Par une loi du 13 décembre 2002 entrée en vigueur le 1^er janvier 2007 (RO 2006
3459), une nouvelle partie générale du code pénal a été adoptée. Les deux
infractions en cause sont désormais passibles d'une peine privative de liberté
de trois ans au plus ou d'une peine
BGE 137 III 481 S. 486
pécuniaire (cf. art. 117 et 125 CP). Il en résulte que le délai de prescription
(unique) est de sept ans (art. 97 al. 1 let. c CP).
On voit donc que la teneur du droit pénal a été modifiée depuis l'accident.
Dans une telle situation, c'est à la lumière des règles du droit pénal qu'il
faut déterminer la version qui doit être retenue pour fixer la durée de la
prescription pénale applicable au civil (cf. ATF 132 III 661 consid. 4.3 p.
666).
En vertu du principe de la lex mitior (art. 2 CP), repris désormais
expressément pour le problème de la prescription par le nouvel art. 389 al. 1
CP, il convient d'appliquer, pour la question en cause, la loi la plus
favorable au responsable. S'agissant du délai relatif qui est déterminant, il
est évident que le délai de cinq ans prévu par l'ancien droit est plus
favorable que le nouveau délai fixé à sept ans.

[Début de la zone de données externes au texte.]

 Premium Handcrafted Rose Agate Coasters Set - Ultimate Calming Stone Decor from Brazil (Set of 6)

2.7 A considérer ce qui vient d'être dit, le cas d'espèce doit être résolu de
la façon suivante.
L'accident (donc les infractions en cause) est survenu le 5 février 1998.
La prescription pénale absolue a été atteinte, selon l'ancien droit (sept ans
et demi), le 5 août 2005 et, selon le nouveau droit (sept ans), le 5 février
2005. Il a été constaté en fait - d'une manière qui lie le Tribunal fédéral
(art. 105 al. 1 LTF) - que l'assureur a versé divers acomptes dès le 20 mars
2001, dont un le 10 novembre 2004. Ce fait est donc antérieur au moment où la
prescription absolue a été atteinte. Le versement d'un acompte est
incontestablement interruptif de la prescription (art. 135 ch. 1 CO). Dès lors
que l'interruption est intervenue avant que la prescription absolue ne soit
atteinte, c'est un nouveau délai pénal plus long (cinq ans au lieu de deux ans)

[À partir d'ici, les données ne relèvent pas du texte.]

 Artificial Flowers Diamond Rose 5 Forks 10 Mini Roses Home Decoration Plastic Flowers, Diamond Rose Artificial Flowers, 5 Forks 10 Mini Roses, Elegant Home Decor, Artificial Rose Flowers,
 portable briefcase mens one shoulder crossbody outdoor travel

qui a commencé à courir. A compter du 10 novembre 2004, ce délai a expiré le 10
novembre 2009. En conséquence, la demande déposée le 24 août 2009 - qui a
interrompu la prescription (art. 138 al. 1 CO) - est intervenue à un moment où
l'action n'était pas prescrite.
Partant, il faut constater, par substitution de motifs, que c'est à juste titre
que le moyen tiré de la prescription a été écarté. La décision attaquée, dans
son résultat, ne viole pas le droit fédéral et le recours doit être rejeté.

2.8 Il n'est pas nécessaire de se pencher sur l'argumentation retenue par la
cour cantonale. Sachant que la renonciation à la prescription est souvent
demandée dans l'urgence et que la question de la prescription est parfois
complexe, on ne voit pas pourquoi la formule
BGE 137 III 481 S. 487
selon laquelle la renonciation n'intervient qu'à la condition que la
prescription ne soit pas déjà acquise serait dépourvue de sens et d'effet
juridique. Qu'un assureur paie des acomptes ou renonce pendant un certain temps
à se prévaloir de la prescription n'implique nullement qu'il renonce
définitivement à faire valoir un tel moyen dans l'avenir, de sorte que l'on ne
parvient pas à discerner en quoi l'assureur aurait agi en la matière
contrairement aux règles de la bonne foi.